What the exercise asks: For this exercise, return only the lines in the records below from the one holding "Chicos y las" through the one holding "JamC Dream Familientraum", including both, exactly as they appear and without pictures.
___ Data for review
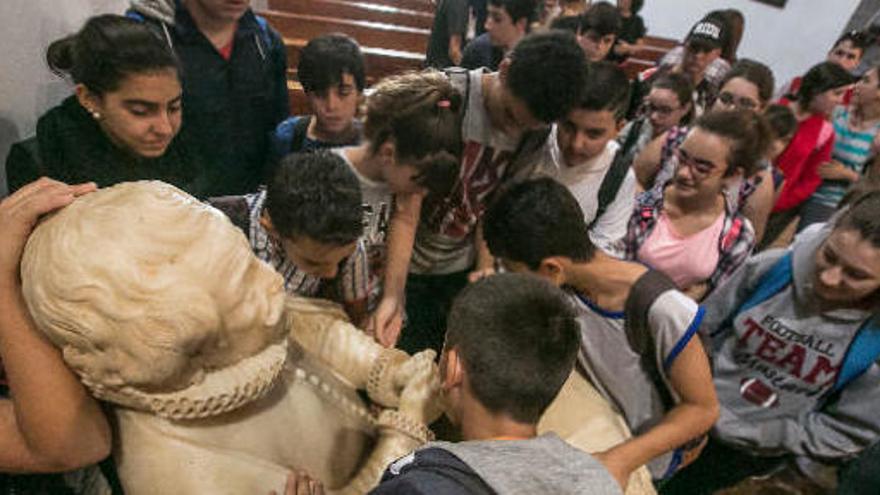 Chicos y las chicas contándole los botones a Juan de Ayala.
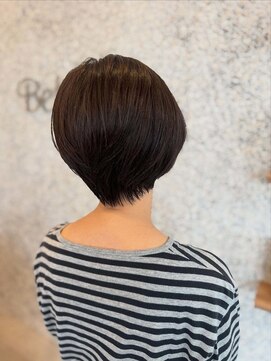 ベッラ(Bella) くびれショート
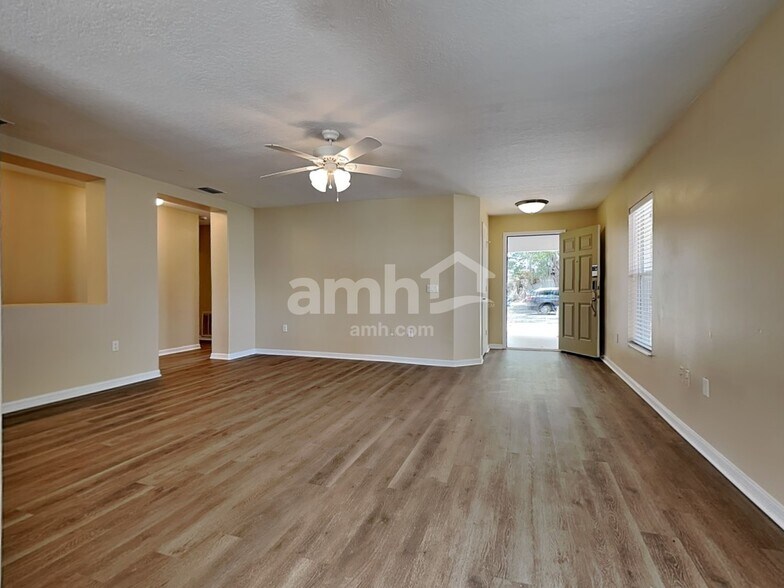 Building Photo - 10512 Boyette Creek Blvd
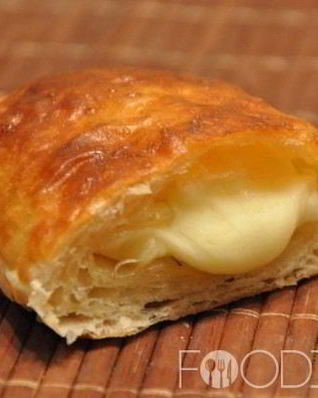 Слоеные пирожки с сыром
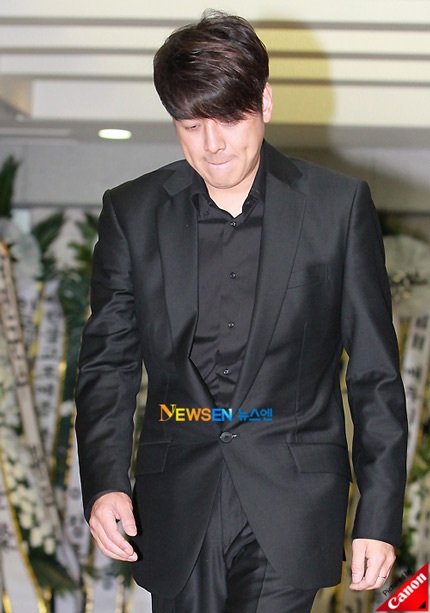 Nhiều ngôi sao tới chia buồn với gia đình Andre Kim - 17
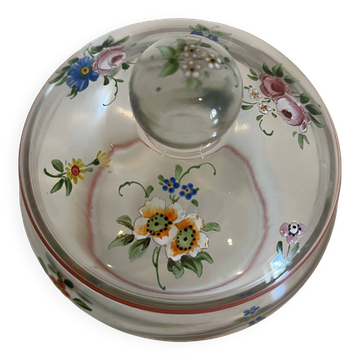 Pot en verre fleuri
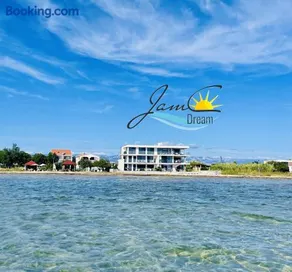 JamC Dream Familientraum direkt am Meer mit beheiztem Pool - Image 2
______
___ Data for review
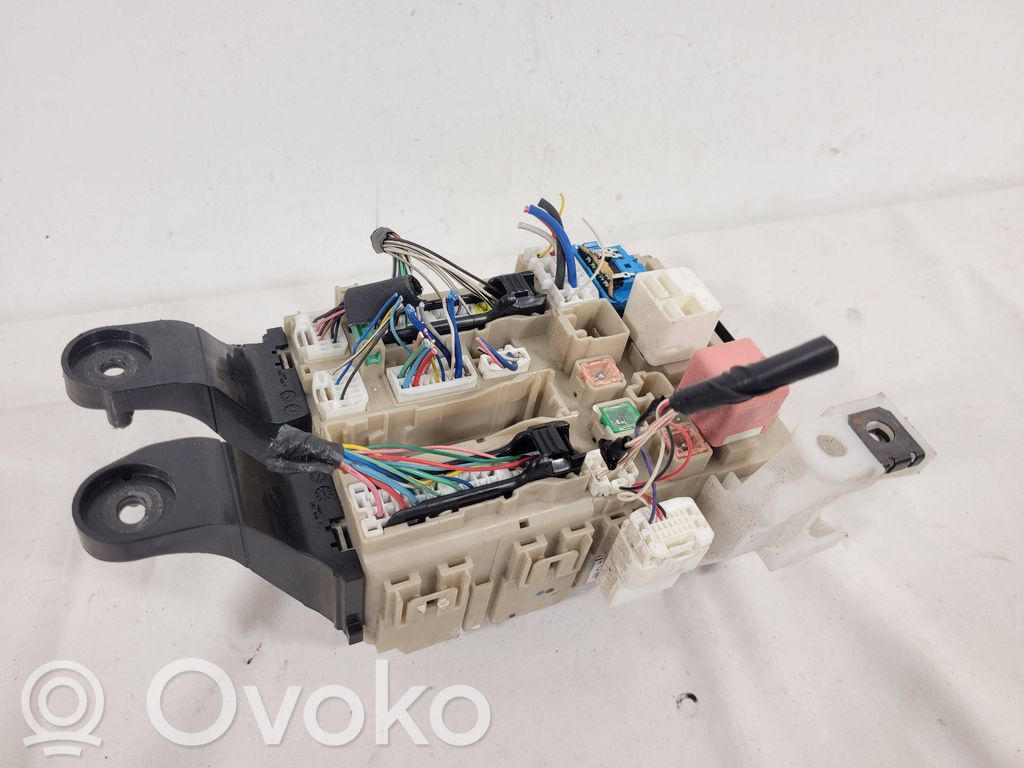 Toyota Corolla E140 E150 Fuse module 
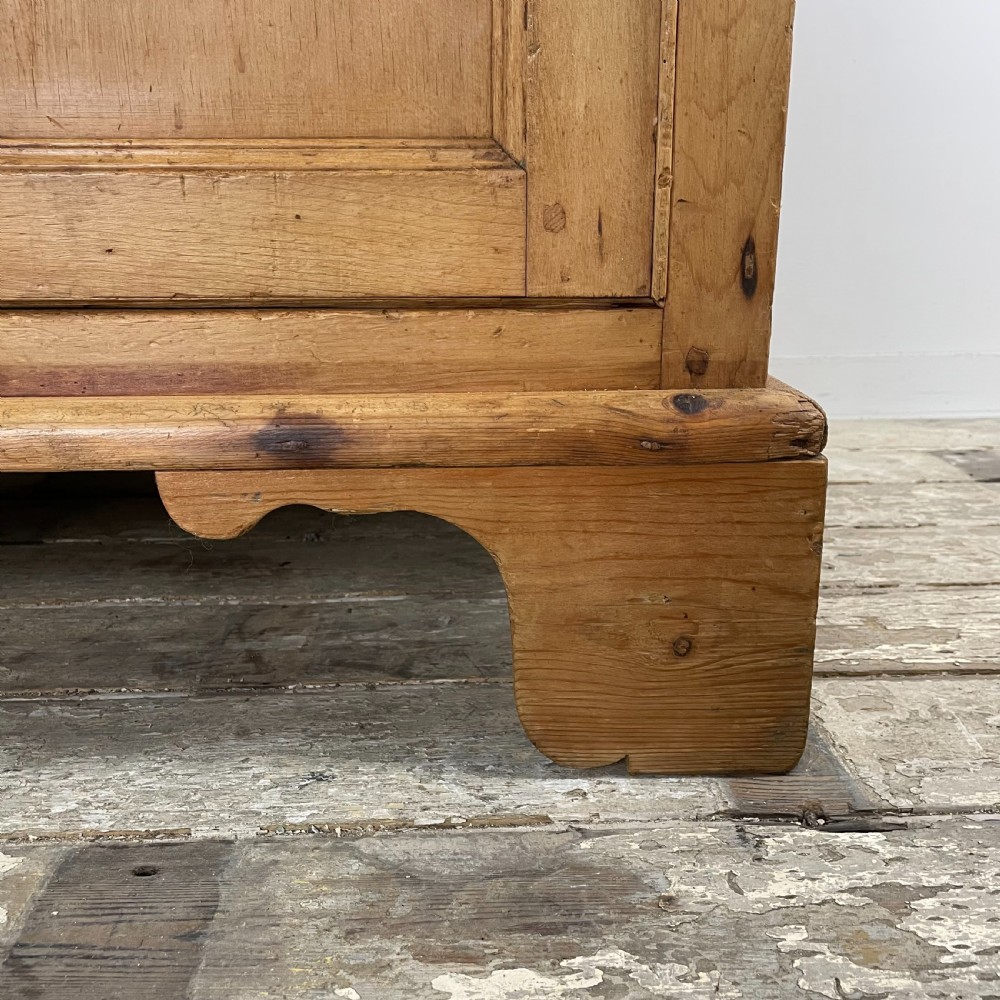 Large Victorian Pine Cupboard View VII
______
Answer space:
 Chicos y las chicas contándole los botones a Juan de Ayala.
 ベッラ(Bella) くびれショート
 Building Photo - 10512 Boyette Creek Blvd
 Слоеные пирожки с сыром
 Nhiều ngôi sao tới chia buồn với gia đình Andre Kim - 17
 Pot en verre fleuri
 JamC Dream Familientraum direkt am Meer mit beheiztem Pool - Image 2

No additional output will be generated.